Localization with NLP: Global Empire-Building for Fun & Profit

Slides:


In order to establish a user base across the globe, a product needs to support a variety of locales. The challenge with supporting multiple locales is the maintenance and generation of localized strings, which are deeply integrated into many facets of a product. To address these challenges at Qordoba, we’re using highly scalable technologies and natural language processing (NLP) to automate the process. Specifically, we need to generate high-quality translations in many different languages and make them available in real-time across platforms, e.g. mobile, print, and web. The combination of various open source tools provides structure for a scalable localization platform with machine learning at its core.

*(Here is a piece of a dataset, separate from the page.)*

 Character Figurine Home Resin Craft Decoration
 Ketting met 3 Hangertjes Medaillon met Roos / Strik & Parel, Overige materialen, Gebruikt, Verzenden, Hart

In this talk, we describe the techniques we’re using to provide:

  • Continuous deployment of localized strings
  • Live syncing across platforms (mobile, web, photoshop, sketch, help desk, etc.)
  • Content generation for any locale
  • Emotional response

We will also share our architecture for handling billions of localized strings in many different languages. We talk about our use of:

  • Scala and Akka as an orchestration layer
  • Apache Cassandra and MariaDB as a storage layer
  • Apache Spark, Apache PredictionIO (incubating), Apache HBase, and ElasticSearch for natural language processing
  • Apache Kafka as a message bus for reporting, billing, & notifications
  • Docker, Marathon, & Apache Mesos for containerized deployment

We present our natural language processing (NLP) techniques in the context of a platform that makes it feasible to build products that feel native to every user, regardless of language.